BEGIN

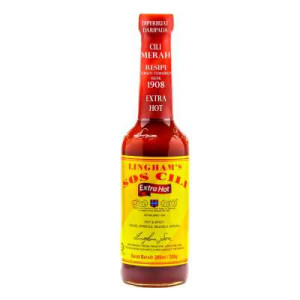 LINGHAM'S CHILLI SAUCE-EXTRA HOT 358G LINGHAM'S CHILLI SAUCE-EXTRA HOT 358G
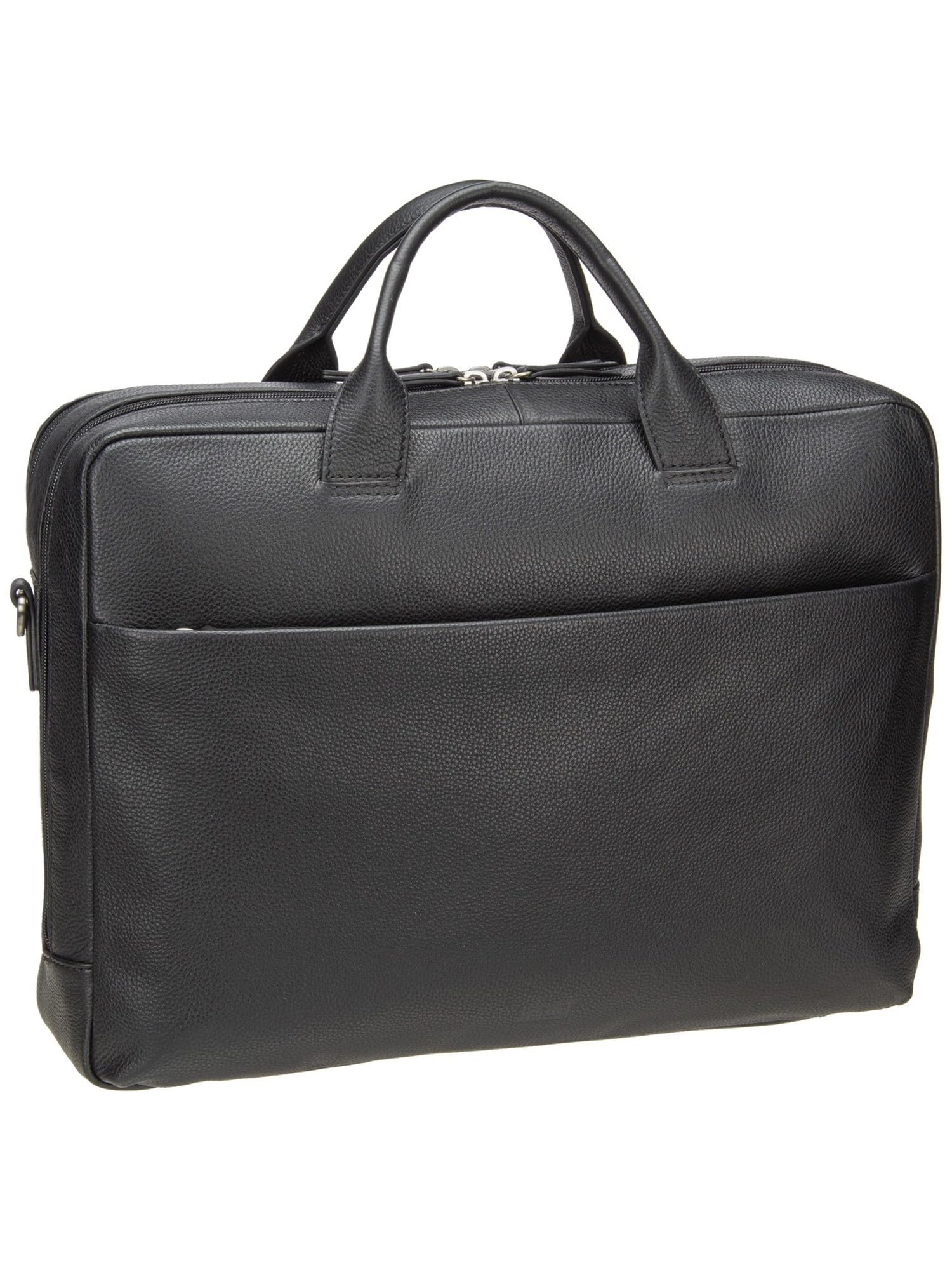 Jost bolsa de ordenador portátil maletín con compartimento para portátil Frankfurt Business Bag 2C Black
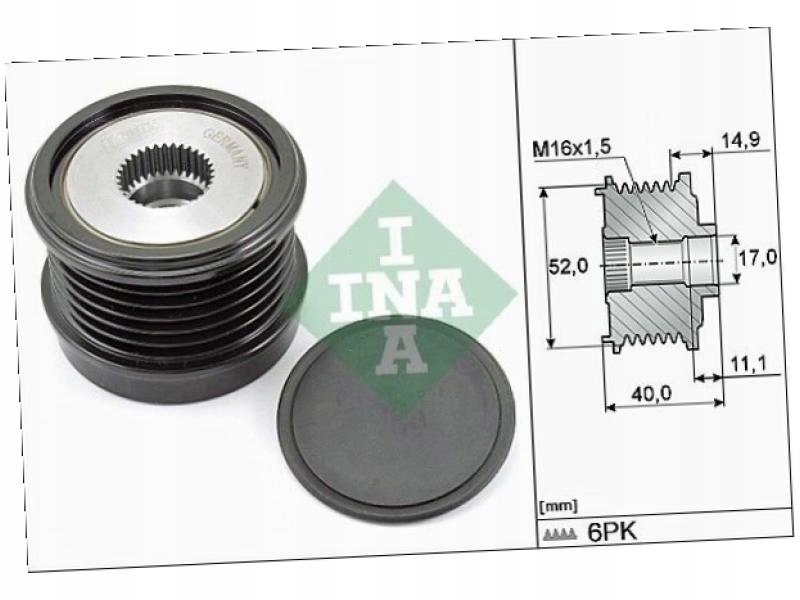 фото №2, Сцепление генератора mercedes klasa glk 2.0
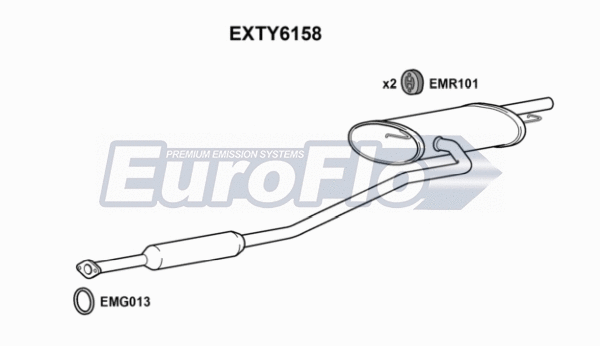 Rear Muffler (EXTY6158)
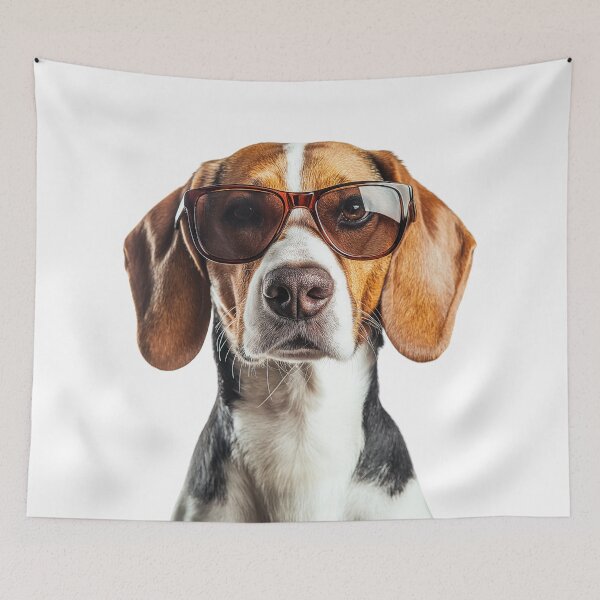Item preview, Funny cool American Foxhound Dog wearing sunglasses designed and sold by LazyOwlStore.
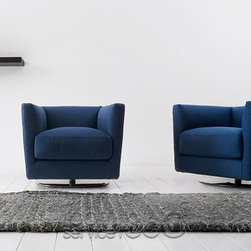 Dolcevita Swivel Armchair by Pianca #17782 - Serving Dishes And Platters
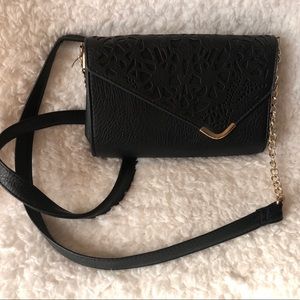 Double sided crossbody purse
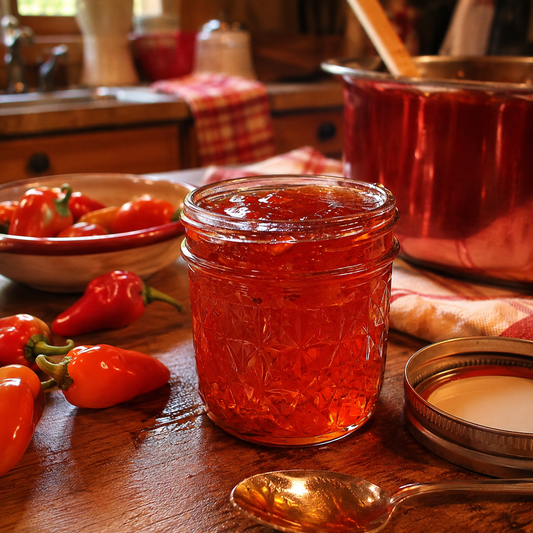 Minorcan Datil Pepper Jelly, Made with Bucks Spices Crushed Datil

END

TASK PROMPT: Leave the pictures out and retype only the lines from the line with "Rear Muffler (EXTY6158)" through the final line of the material, both ends included, word for word.

TASK SOLUTION:
 Rear Muffler (EXTY6158)
Item preview, Funny cool American Foxhound Dog wearing sunglasses designed and sold by LazyOwlStore.
 Dolcevita Swivel Armchair by Pianca #17782 - Serving Dishes And Platters
 Double sided crossbody purse
 Minorcan Datil Pepper Jelly, Made with Bucks Spices Crushed Datil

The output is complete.